Companies in the Richmond area will be encouraged to provide funding for the Richmond Cristo Rey School by hiring four students and paying a combined salary of $32,000. Under this plan, each of the four students would work one full day a week, with one of the four rotating by working on the fifth day in a Monday through Friday schedule.

Records show that graduates of Cristo Rey network schools graduate from a four-year college at a rate above the national average (36 percent vs. 23 percent) and at more than twice the rate of other low-income students (15 percent).

Richmond is considered a good possibility to establish a Cristo Rey high school because statistics show 25 percent of the Richmond metropolitan area of 1.2 million live below the federal poverty line.

A lawyer and certified public accountant by profession, Ms. Quinn has been involved in education efforts the past four years. She is a member of the board of Anna Julia Cooper Episcopal Middle School in Richmond’s East End.

“I also mentor and tutor students at Anna Julia Cooper and am on the board of Armstrong High School Freshman Academy, which is supported by 11 faith-based churches in the city’s East End.

Asked about possible sites for Cristo Rey in Richmond, Ms. Quinn said a committee is looking at properties in Richmond’s East End and the Bainbridge-Manchester area of South Richmond where there is a high number of economically disadvantaged students.

“It really comes down to finding a building in a location that suits our needs,” she said. “We want to be where our students are.”

“The building will likely need extensive renovations to make it ready for high school classes,” Mr. Melton said.

Father Shay Auerbach, a Jesuit who is pastor of Sacred Heart Parish in South Richmond, took Mr. Melton on a tour of low-income neighborhoods of South Richmond which he said would have a mixture of both African American and Latino youths from disadvantaged homes who would be eligible for admission to Cristo Rey.
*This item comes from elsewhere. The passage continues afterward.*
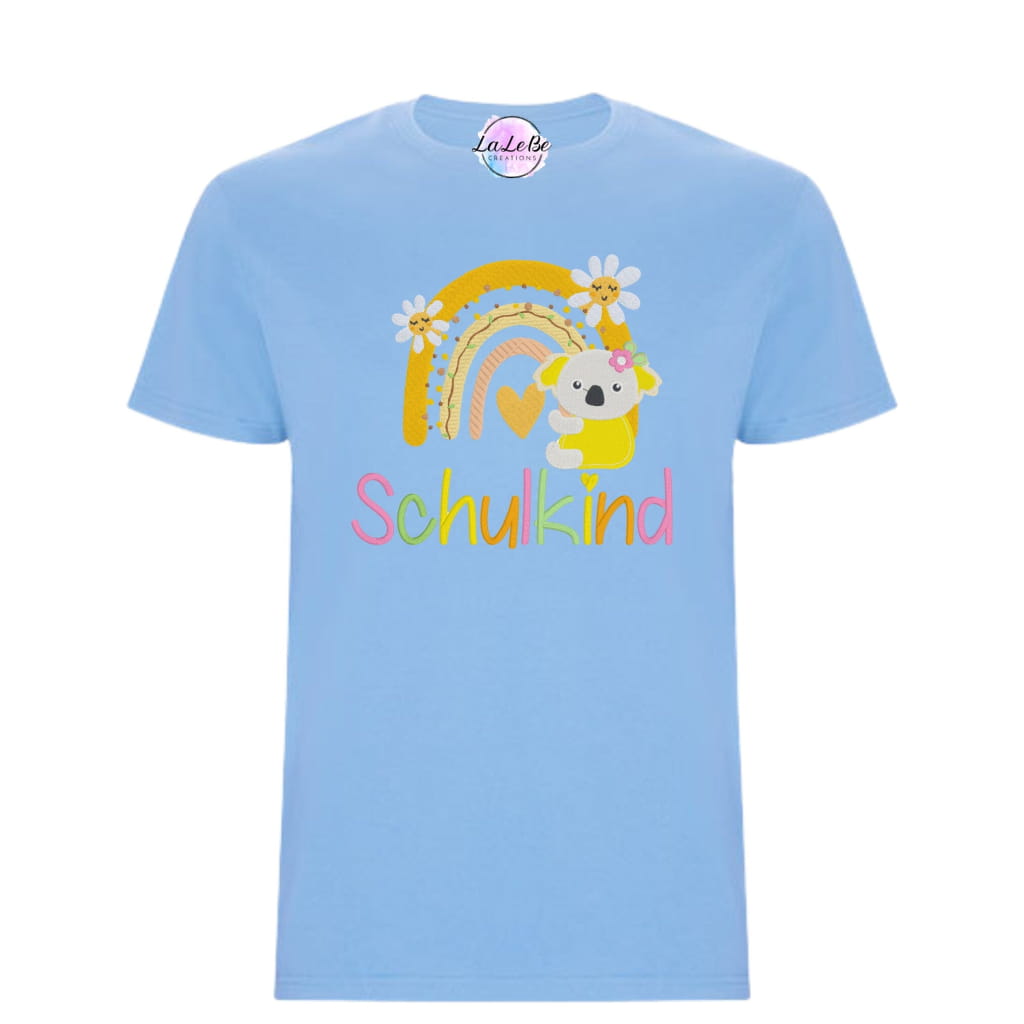 Besticktes T-Shirt zum ersten Schultag mit Koala- und Regenbogenmotiv - lalebecreations.de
There is more information on the website

In many American cities where there is a Cristo Rey school the large majority of students are African American.

Nationally, 41 percent of the students are Catholic, but they all attend Catholic religion classes as part of the academic program.

In addition to the 30 Cristo Rey schools throughout the country, two new schools in Baton Rouge and Tampa will open this summer with an academic training camp preceding the opening of the school year.

Richmond and five other cities are currently undergoing feasibility studies. The other five are Oklahoma City, Okla.; Oakland, Calif.; Fort Worth, Tex.; Las Vegas, Nev. and Jacksonville, Fla.

As a sign of continued momentum toward opening a Cristo Rey school in Richmond, the network has hired Katie Yohe to the fulltime position as coordinator, starting in August. She is currently working at a Cristo Rey School in Indianapolis while working on a master’s degree.

“We had our first set of community meetings April 19 and we broke into separate groups,” said Annette Parsons, the Diocese’s Chief Education Administrator.

She credited Bishop DiLorenzo for his support of the feasibility study to see if the school is to be a reality, adding that the Cristo Rey Network will only consider opening a school if the diocesan Bishop gives his permission.

The Cristo Rey Network seeks to boost and enhance Catholic education at a time when some schools are closing, Mr. Melton said.

“We want to open the doors for opportunity for more students in Richmond,” he said. “We’re trying to help a population which has been largely ignored in Catholic education.”

He is excited about the momentum Cristo Rey is making, pointing to the fact that 55 people attended the first breakfast meeting and were receptive to the idea of Cristo Rey.

“We hope that within 12 months we will finish the feasibility study which would be April 2017,” Mr. Melton said.